**Supplied entries**
....

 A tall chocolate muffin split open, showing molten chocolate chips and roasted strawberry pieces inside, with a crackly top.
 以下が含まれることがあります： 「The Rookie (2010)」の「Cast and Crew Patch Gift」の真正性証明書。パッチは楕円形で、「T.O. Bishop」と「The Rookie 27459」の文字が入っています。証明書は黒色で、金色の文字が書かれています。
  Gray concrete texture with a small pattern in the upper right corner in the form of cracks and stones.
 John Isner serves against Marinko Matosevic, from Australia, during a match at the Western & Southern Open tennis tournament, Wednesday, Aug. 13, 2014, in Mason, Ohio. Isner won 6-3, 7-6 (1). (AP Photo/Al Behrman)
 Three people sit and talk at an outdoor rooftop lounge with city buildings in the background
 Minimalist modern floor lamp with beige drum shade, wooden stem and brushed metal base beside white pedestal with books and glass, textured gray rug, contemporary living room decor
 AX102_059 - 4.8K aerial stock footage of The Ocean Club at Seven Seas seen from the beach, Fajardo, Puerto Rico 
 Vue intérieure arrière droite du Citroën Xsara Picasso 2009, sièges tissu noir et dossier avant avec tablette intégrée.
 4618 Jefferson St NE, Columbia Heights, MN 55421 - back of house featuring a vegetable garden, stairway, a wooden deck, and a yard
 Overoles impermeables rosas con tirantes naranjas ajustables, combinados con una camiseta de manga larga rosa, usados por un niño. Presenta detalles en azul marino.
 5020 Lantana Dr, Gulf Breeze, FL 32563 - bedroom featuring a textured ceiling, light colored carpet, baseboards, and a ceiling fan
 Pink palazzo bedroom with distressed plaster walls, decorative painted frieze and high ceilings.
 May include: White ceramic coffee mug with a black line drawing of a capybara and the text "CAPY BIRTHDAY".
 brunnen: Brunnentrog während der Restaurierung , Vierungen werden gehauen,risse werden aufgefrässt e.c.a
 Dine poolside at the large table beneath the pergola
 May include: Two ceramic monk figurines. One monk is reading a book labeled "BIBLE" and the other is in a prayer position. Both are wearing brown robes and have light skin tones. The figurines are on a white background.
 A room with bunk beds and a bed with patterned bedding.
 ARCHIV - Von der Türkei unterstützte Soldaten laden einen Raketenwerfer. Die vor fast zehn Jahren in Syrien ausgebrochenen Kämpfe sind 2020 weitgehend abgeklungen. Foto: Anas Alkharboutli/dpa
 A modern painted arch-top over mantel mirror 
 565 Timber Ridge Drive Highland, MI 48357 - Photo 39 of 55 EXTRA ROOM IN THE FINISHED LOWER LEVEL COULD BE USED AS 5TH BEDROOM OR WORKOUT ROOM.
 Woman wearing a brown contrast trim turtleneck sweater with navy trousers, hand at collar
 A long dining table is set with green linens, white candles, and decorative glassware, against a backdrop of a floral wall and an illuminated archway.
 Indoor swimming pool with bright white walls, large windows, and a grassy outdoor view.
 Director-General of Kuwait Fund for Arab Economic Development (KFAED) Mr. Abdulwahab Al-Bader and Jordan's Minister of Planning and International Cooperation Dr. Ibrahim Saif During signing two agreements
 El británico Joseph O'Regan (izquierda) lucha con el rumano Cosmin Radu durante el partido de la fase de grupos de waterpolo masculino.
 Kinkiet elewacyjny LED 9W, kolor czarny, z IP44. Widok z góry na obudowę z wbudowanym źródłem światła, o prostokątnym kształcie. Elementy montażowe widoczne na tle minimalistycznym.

....

**Description of the task**
Output exactly the lines above, from the one holding "A room with" through the end of the data, including the first and last.

**Expected output**
 A room with bunk beds and a bed with patterned bedding.
 ARCHIV - Von der Türkei unterstützte Soldaten laden einen Raketenwerfer. Die vor fast zehn Jahren in Syrien ausgebrochenen Kämpfe sind 2020 weitgehend abgeklungen. Foto: Anas Alkharboutli/dpa
 A modern painted arch-top over mantel mirror 
 565 Timber Ridge Drive Highland, MI 48357 - Photo 39 of 55 EXTRA ROOM IN THE FINISHED LOWER LEVEL COULD BE USED AS 5TH BEDROOM OR WORKOUT ROOM.
 Woman wearing a brown contrast trim turtleneck sweater with navy trousers, hand at collar
 A long dining table is set with green linens, white candles, and decorative glassware, against a backdrop of a floral wall and an illuminated archway.
 Indoor swimming pool with bright white walls, large windows, and a grassy outdoor view.
 Director-General of Kuwait Fund for Arab Economic Development (KFAED) Mr. Abdulwahab Al-Bader and Jordan's Minister of Planning and International Cooperation Dr. Ibrahim Saif During signing two agreements
 El británico Joseph O'Regan (izquierda) lucha con el rumano Cosmin Radu durante el partido de la fase de grupos de waterpolo masculino.
 Kinkiet elewacyjny LED 9W, kolor czarny, z IP44. Widok z góry na obudowę z wbudowanym źródłem światła, o prostokątnym kształcie. Elementy montażowe widoczne na tle minimalistycznym.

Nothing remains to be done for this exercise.